YouTuber 7 2026 – 21 x 29cm, pencil on paper
YouTuber 7 2026 is the most claustrophobic and psychologically suffocating drawing in the series to date, a small sheet that feels like it is trying to contain a full psychological implosion. The dominant head occupies almost the entire left half of the page, but it is no longer a solitary figure. The face is massive, bearded, eyes wide and frantic, mouth open in what could be speech, scream, or gasp, yet the expression is fractured, almost shattered.
Graphite lines crash across the features in every direction, cross-hatching so dense in places that the face seems to be dissolving into its own noise. The beard and hair radiate outward in wild, slashing strokes that threaten to overrun the entire composition, as if the head is expanding beyond the limits of the paper, unable to be contained.
The second, much smaller figure crammed into the lower right corner is now positioned inside a loosely drawn rectangular frame that reads unmistakably as a screen, a comment window, or a reaction bubble. This miniature head is not merely an echo; it is a prisoner. The lines around it are tighter, more compressed, the face reduced to a few desperate marks, the figures arms are raised, the hands close in the ears, the same frantic energy, but trapped in miniature.

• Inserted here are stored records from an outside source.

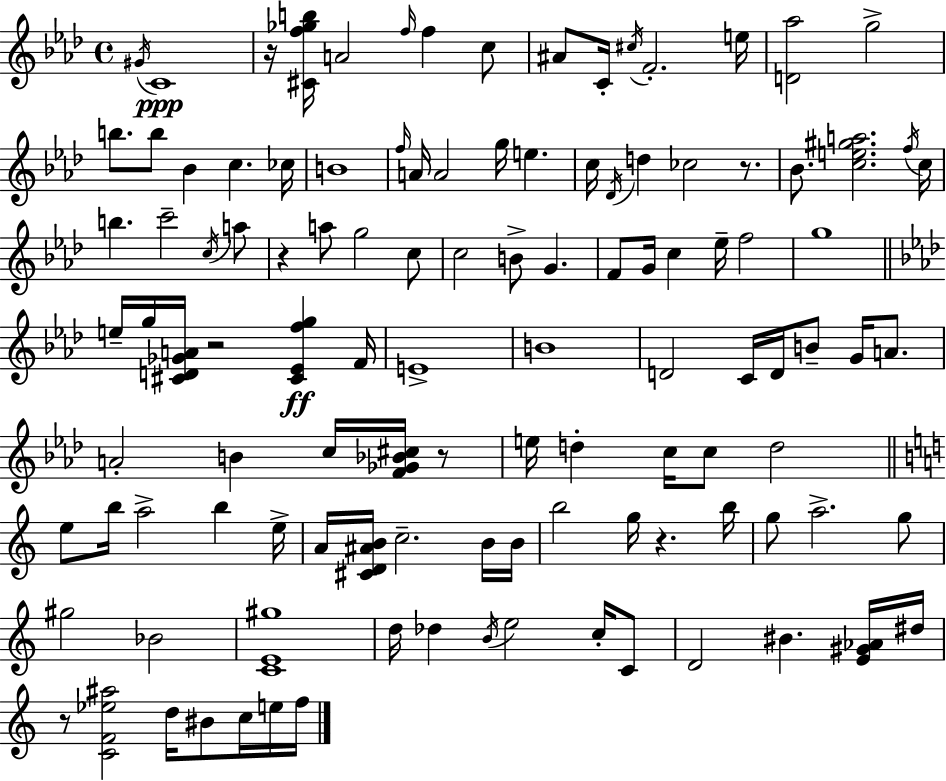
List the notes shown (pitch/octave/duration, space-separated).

G#4/s C4/w R/s [C#4,F5,Gb5,B5]/s A4/h F5/s F5/q C5/e A#4/e C4/s C#5/s F4/h. E5/s [D4,Ab5]/h G5/h B5/e. B5/e Bb4/q C5/q. CES5/s B4/w F5/s A4/s A4/h G5/s E5/q. C5/s Db4/s D5/q CES5/h R/e. Bb4/e. [C5,E5,G#5,A5]/h. F5/s C5/s B5/q. C6/h C5/s A5/e R/q A5/e G5/h C5/e C5/h B4/e G4/q. F4/e G4/s C5/q Eb5/s F5/h G5/w E5/s G5/s [C#4,D4,Gb4,A4]/s R/h [C#4,Eb4,F5,G5]/q F4/s E4/w B4/w D4/h C4/s D4/s B4/e G4/s A4/e. A4/h B4/q C5/s [F4,Gb4,Bb4,C#5]/s R/e E5/s D5/q C5/s C5/e D5/h E5/e B5/s A5/h B5/q E5/s A4/s [C#4,D4,A#4,B4]/s C5/h. B4/s B4/s B5/h G5/s R/q. B5/s G5/e A5/h. G5/e G#5/h Bb4/h [C4,E4,G#5]/w D5/s Db5/q B4/s E5/h C5/s C4/e D4/h BIS4/q. [E4,G#4,Ab4]/s D#5/s R/e [C4,F4,Eb5,A#5]/h D5/s BIS4/e C5/s E5/s F5/s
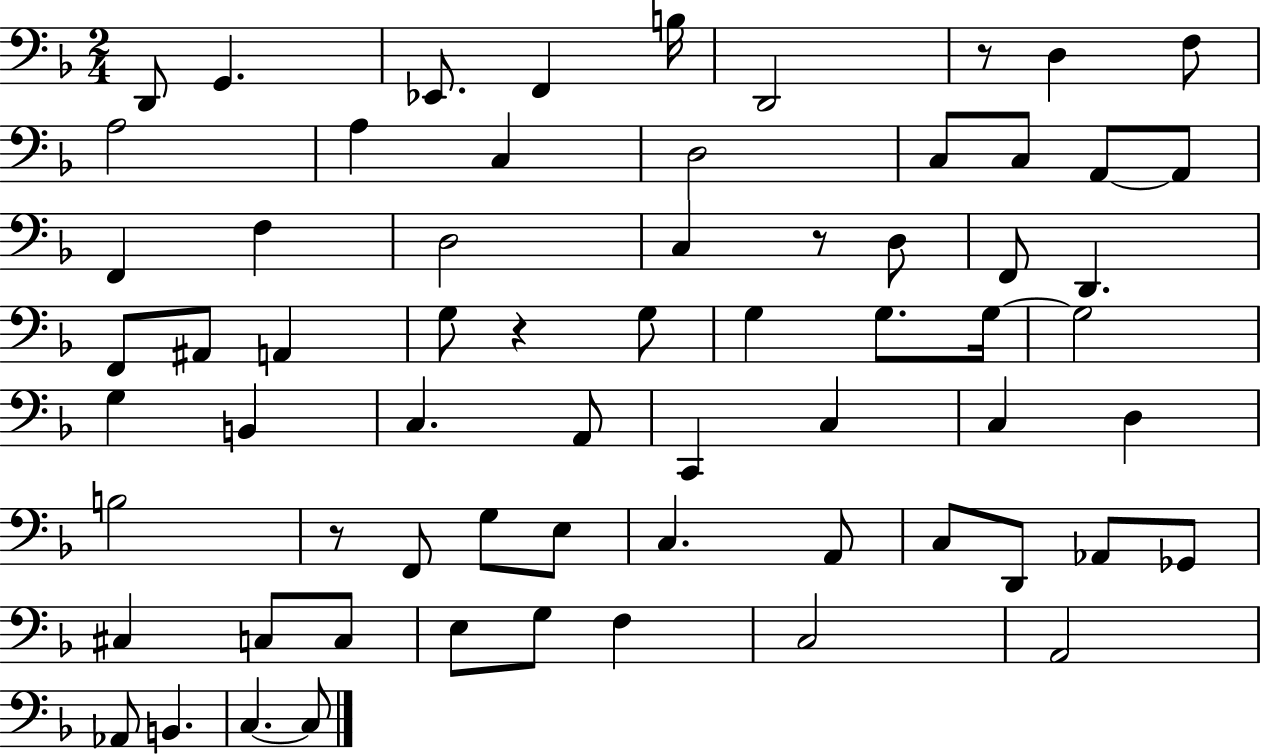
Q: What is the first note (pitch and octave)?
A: D2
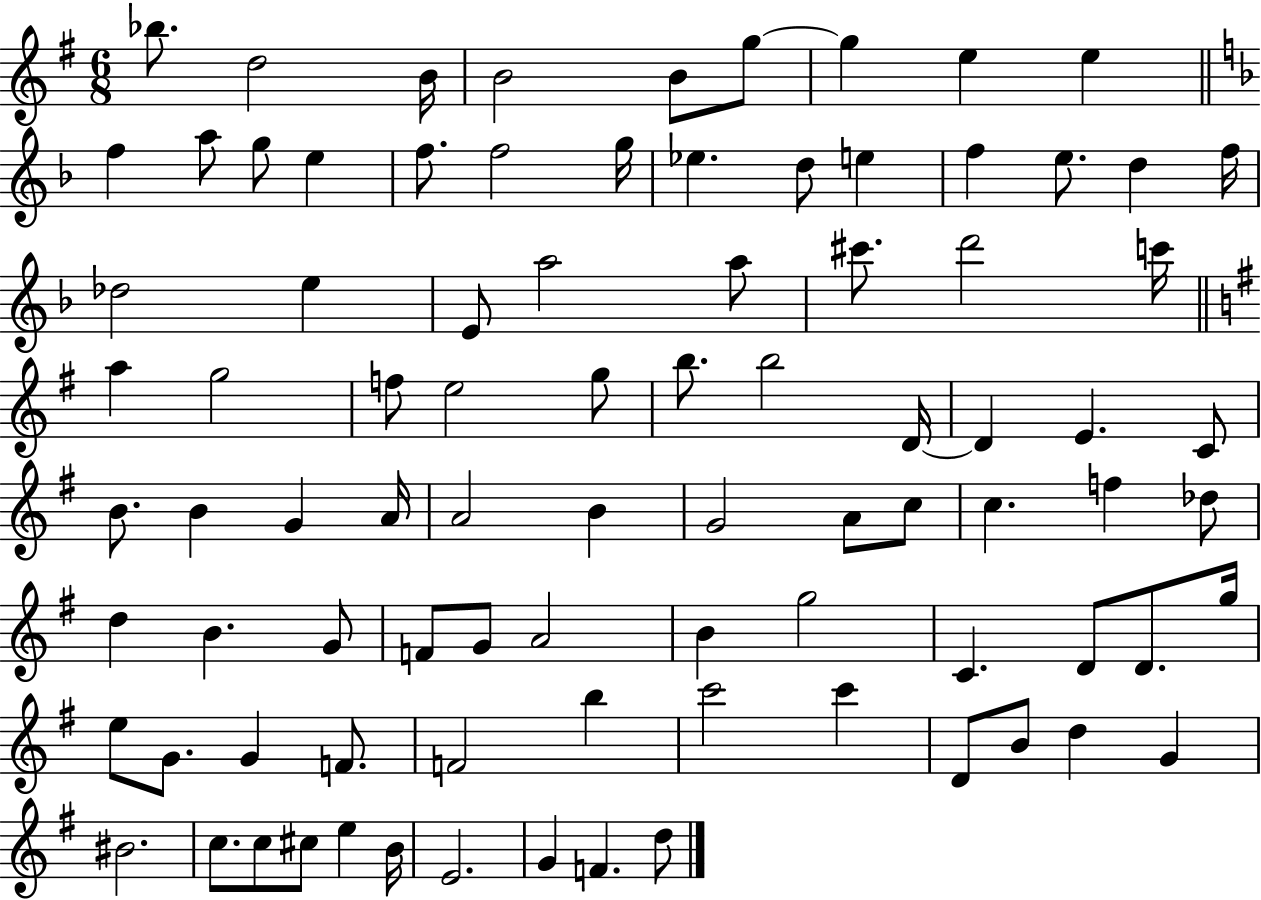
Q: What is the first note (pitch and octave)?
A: Bb5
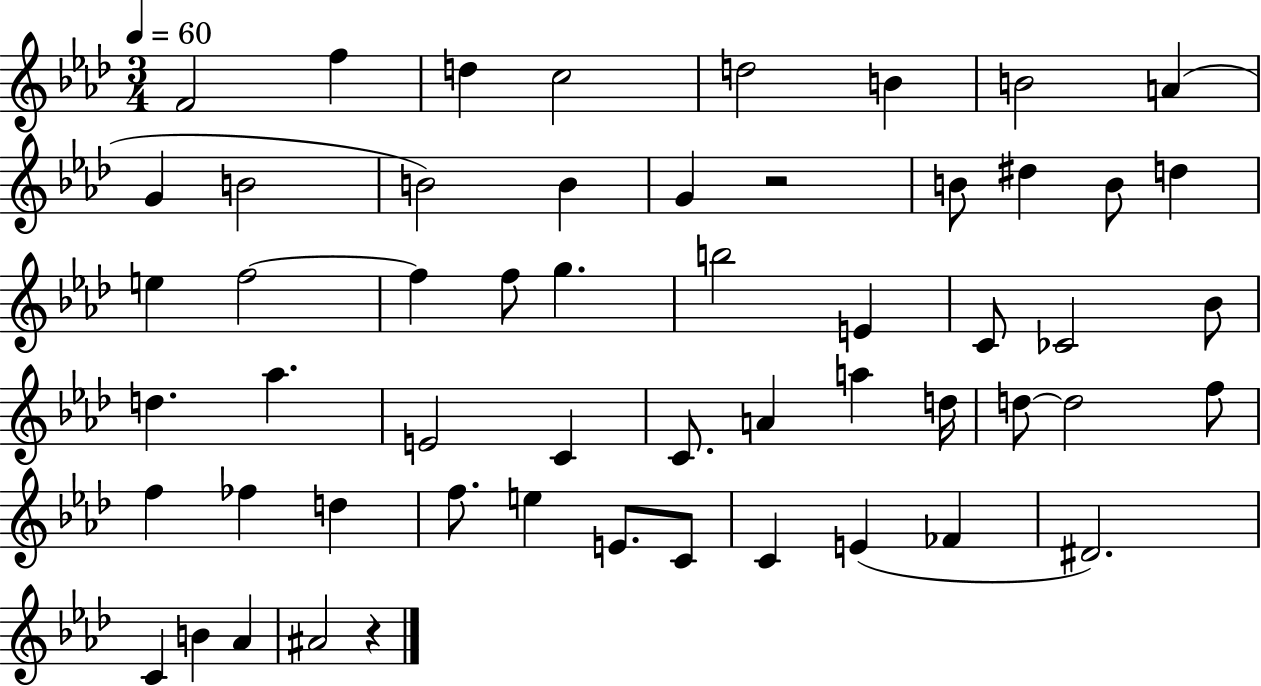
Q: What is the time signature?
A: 3/4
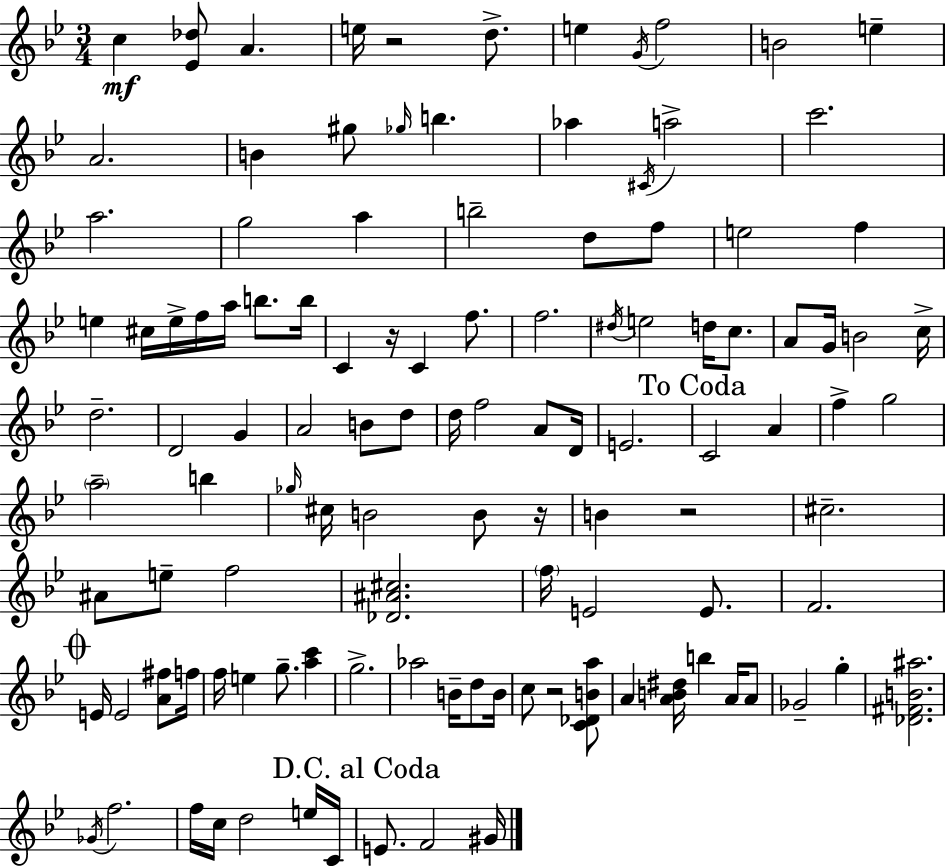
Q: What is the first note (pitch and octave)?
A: C5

The two figures are the same archetype, caught in the ultimate feedback loop: the creator and the consumer, the broadcaster and the receiver, the self and the self that watches the self. The large head performs, fills the frame, demands attention; the small head watches from its tiny prison, absorbing the performance, being consumed by it. The graphite storm swirls across both, linking them, comments, notifications, ratios, algorithmic pressure, all of it connecting the dominant figure to the diminished one.
The drawing refuses any clean separation; lines bleed across the divide, tangling beard with frame, noise with silence. The anonymous single figures dissolved into performance; the split-screen paintings showed mutual depletion; the named portraits insisted on resistance. Here, I collapse creator and consumer into the same personage, at radically different scales, revealing the final truth of the digital platform: everyone is both predator and prey, speaker and spoken-to, extractor and extracted. The hierarchy is brutally real, the large head dominates the page, but the depletion is shared. The small figure maybe a separate viewer; or the same person watching himself, trapped in the loop, being extracted by his own visibility.
The small scale (21 × 29 cm) makes the contrast even more cruel: the dominant head is still intimate, fragile on paper, yet it completely overshadows the inset figure.
The loop is closed, and there is no escape.